Girls appear to be much more helpful than boys in alerting officials to potential school shootings, concludes a recent analysis.
The analysis was conducted by James P. McGee, the director of forensic-psychology services for Gavin De Becker & Associates, a Studio City, Calif.-based law firm. He is also the co-author of a 1998 report titled “The Classroom Avenger,” which profiled the typical characteristics of school shooters.
The new analysis—titled “Factors Associated with Averted School Shootings”—reviewed 20 potential school shootings that were averted between 1998 and 2005. Mr. McGee found that in 18 of those incidents, girls were the ones who had turned in students planning violence at school. All the potential shooters in those incidents were boys.
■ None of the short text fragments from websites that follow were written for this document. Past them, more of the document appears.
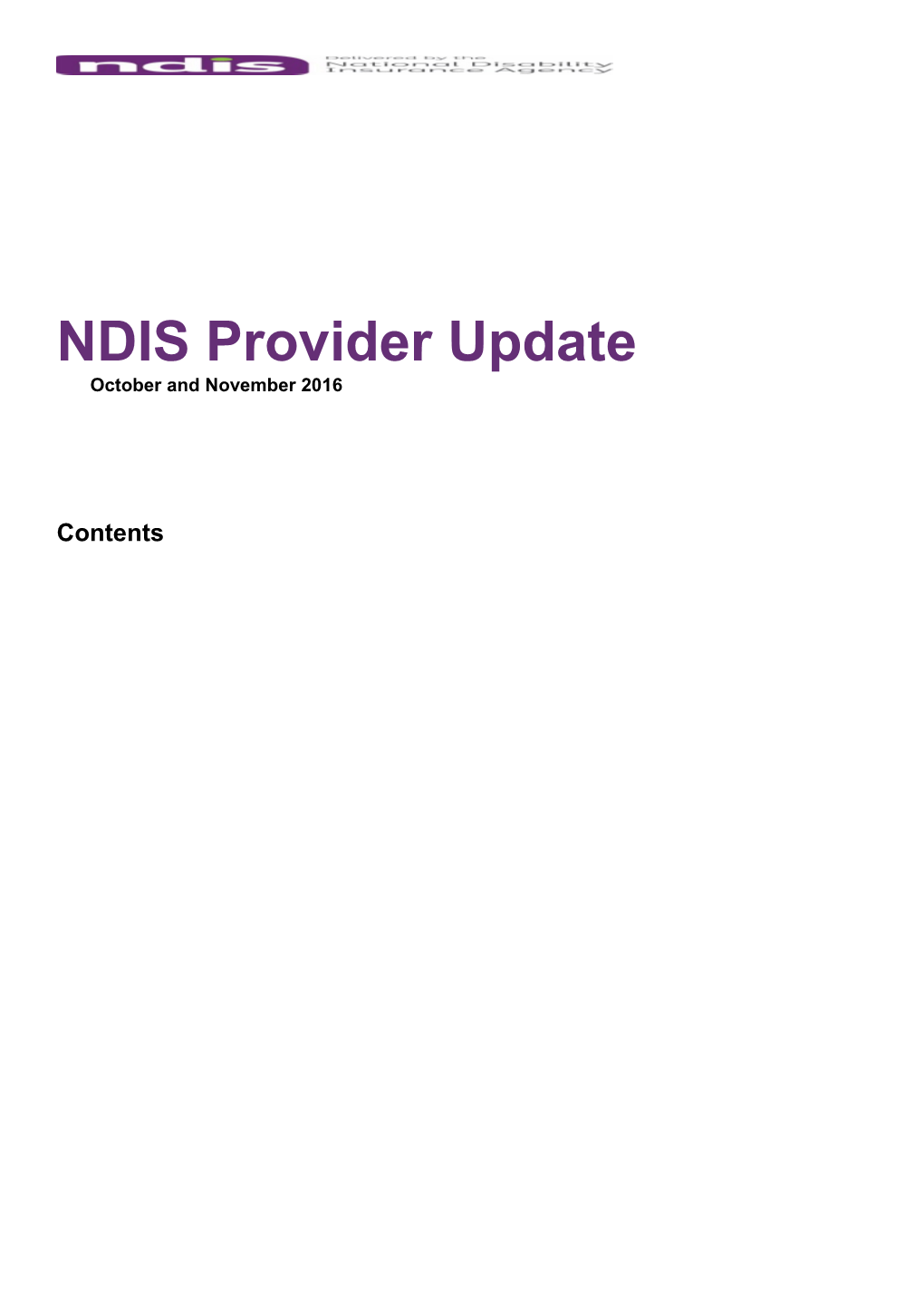 NDIS Provider Updateoctober and November 2016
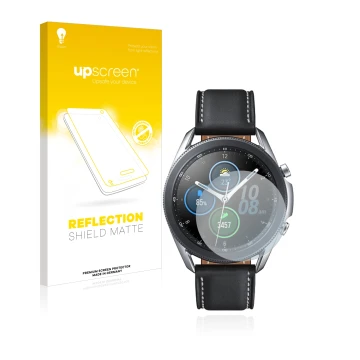 Vorderseite einer Produktverpackung mit dem Markenlogo upscreen. Daneben ist das Gerät Samsung Galaxy Watch 3 (41mm) mit dem z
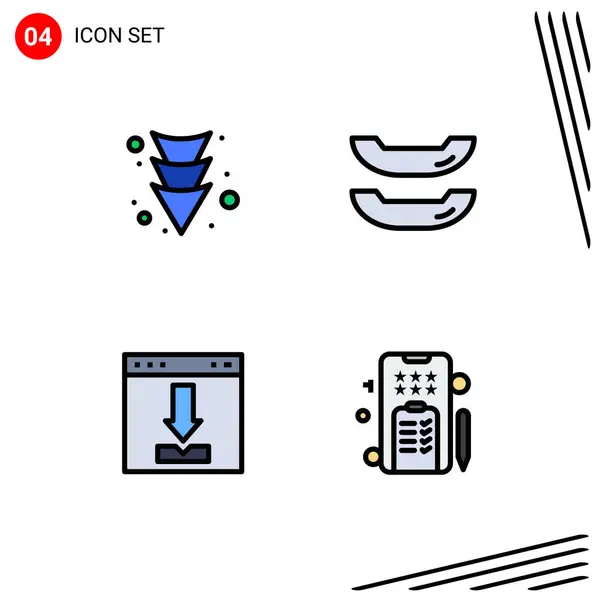 Pictogram Set Simple Filledline Lapos Színek Nyíl Betöltése Csónak Böngésző — Stock Vector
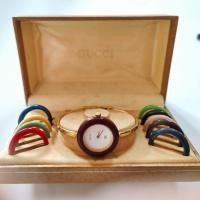 ราคา นาฬิกามือสอง Vintage Gucci กำไล พร้อมกล่อง สภาพสวย ระบบถ่าน ขนาดกำไล15.5cm. (19672305655)
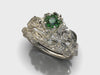 Emerald Flower Bridal Ring Set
“Girls are more into good citizenship,” Mr. McGee said. “I think there’s increased maturity, but the socialization of boys and girls is also very different.”
That socialization appears to make boys feel like snitches if they tell on a friend, but allows girls to more openly seek out adults with their concerns, he said.
The analysis also found that recently averted school shootings were more likely to have multiple co-conspirators, as opposed to prior shooting plots, which tended to involve one student.
“Classroom shootings are evolutionary crimes,” said Mr. McGee, noting that the incidents appear to be getting more complex and are tending to involve more people.
Of the 20 incidents he reviewed, more than half had multiple players, he said.
The original report, which reviewed school shootings nationwide in the 1990s, found that school shooters were likely to be introverted, adolescent boys who live in rural or suburban areas.
Beyond those characteristics, it also found that the teenagers who plotted violent attacks on schools tended to be depressed or suicidal loners or individuals who were part of an alienated social group that had been rejected by the general student body.
“This is a drama that plays out over time,” Mr. McGee said.